1. **Load Plugins** - the first task that the device runner undertakes is to scan the `plugins` directory for any generator plugins and then adds them to the runtime. These are jar files whose main classes extend the `DataGenerator` class.
2. **Read Runner Configuration** - the runner configuration YAML file is then parsed and the items, samples and devices defined within get instantiated and coupled together.
3. **Generate Samples** - each device is isolated in its own thread. Devices then generate sample data and send messages to the MQTT broker at intervals determined in milliseconds by the `interval` configuration property.
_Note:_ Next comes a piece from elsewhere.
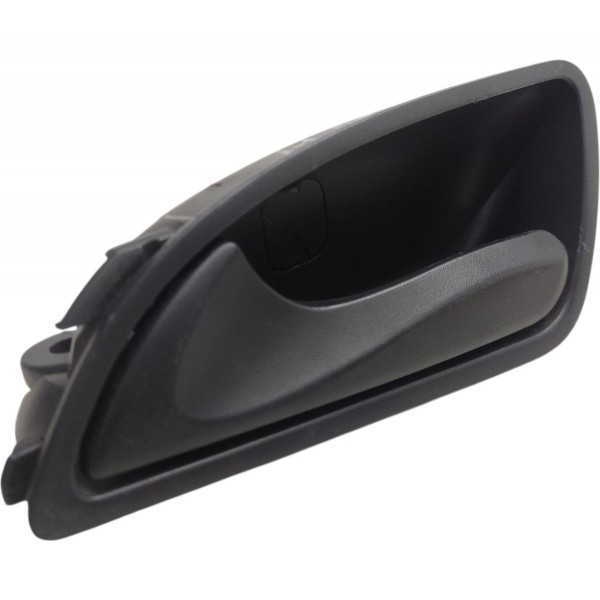 Maçaneta Interna Esquerda Hyundai Hb20 2013 2014 2015 A 2019 Preto Dianteira/traseira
4. **Shutdown** - once the TTL point is reached, the device runner ends all device threads and terminates the run.
## System Configuration
Base configuration of default values including the location of the runner configuration file is currently handled in the file `src/main/resources/virtualdevice.props`. The most important property to be set in this file is `runner.conf` which defines the YAML file for configuring the device runner.
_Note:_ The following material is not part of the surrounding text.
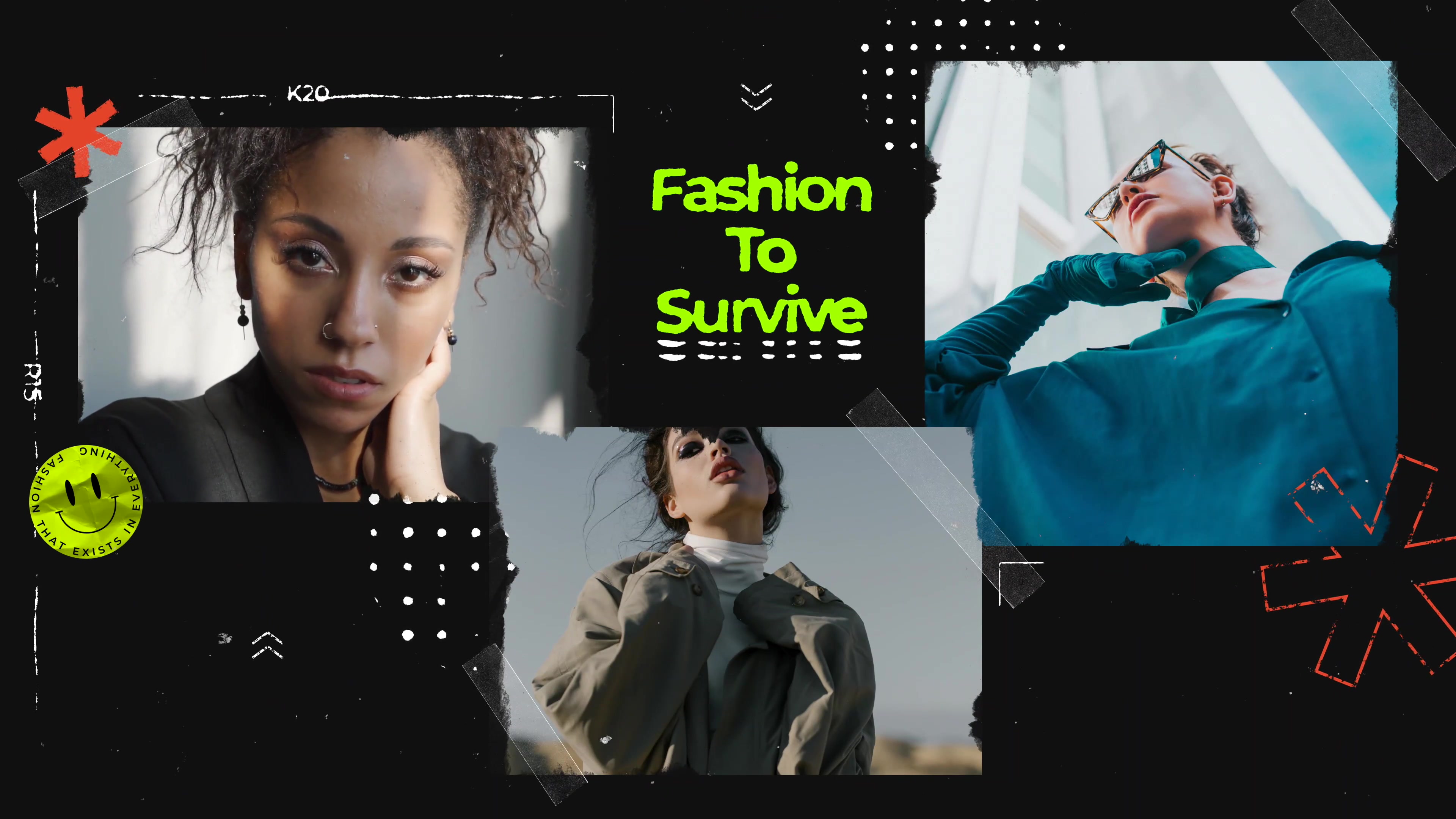 Cool Urban Fashion 4K Videohive 36973188 After Effects Image 3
An alternate base property file can be defined through the environment variable `VIRTUAL_DEVICE_CONFIG`.
## Configuring the Generic Device Runner
The file indicated by the `runner.conf` property must be a valid YAML file. It needs to define the following nodes.
* `ttl` - time to live in milliseconds or how long the device runner should run.
* `mode` - (Optional) the mode to use when communicating with a broker. The following values are currently supported.
* `Block`, `Blocking` - blocks when communicating with the broker, waiting for acknowledgements on publish. When this node is omitted the runner defaults to blocking mode.
* `Rx`, `Reactive`, `Reactivex` - uses reactive idioms when communicating asynchronously with the broker.
* `broker` - a configuration for connecting to an MQTT5 broker (see [below](#broker)).
* `items` - a list of items to be included in a sample. Item values will be generated randomly (see [below](#items)).
* `samples` - a list of samples bound to a topic and including a payload based on an internal item list (see [below](#samples)).
* `devices` - a list of devices, which will generate the sample messages published to the MQTT5 broker (see [below](#devices)).
### Broker
The broker represents a connection to an MQTT5 broker. It contains...
* `host` - name of the broker host. Defaults to `localhost`.
* `port` - port to which the host is listening. Defaults to `1883`
* `auth` - a configuration for simple authentication. To connect anonymously this property can be omitted, or the `username` can be left unset. It includes two fields.
* `username` - account name to use when connecting to the MQTT server
* `password` - can be stored in either plain text or using the encrypted value generated by `scripts/encryptPass.sh`.
* _ENV VARS for broker auth_ - note that the `auth` properties can also be declared as environment variables, which always have precedence over values declared in YAML configurations:
* `VD_BROKER_USER` - for the username.
* `VD_BROKER_PASSWORD` - for the password.
* `tls` - (Optional) if present instructs the broker to connect over TLS.
* `trustStore` - location of a JKS truststore containing a certificate that can verify the certificate sent by the server.
* `trustPass` - password to the truststore. Can be set encrypted. Copy results from executing `scripts/encryptPass.sh` into this field.
* _ENV VARS for tls_ - note that the values for `trustStore` and `trustPass` can also be set using the following environment variables.
* `VD_TRUSTSTORE` - path to the truststore.
* `VD_TRUSTSTORE_PASSWORD` - truststore password. Can be plain text or encrypted as described above.
### Items
Items represent the primitive elements in a sample whose values can be randomly generated. All items require the following:
* `name`
* `label`
* `type` - Five types are currently supported:
* `Double`
* `Long`
* `String`
* `Plugin` - generates a primitive type from an Item Plugin.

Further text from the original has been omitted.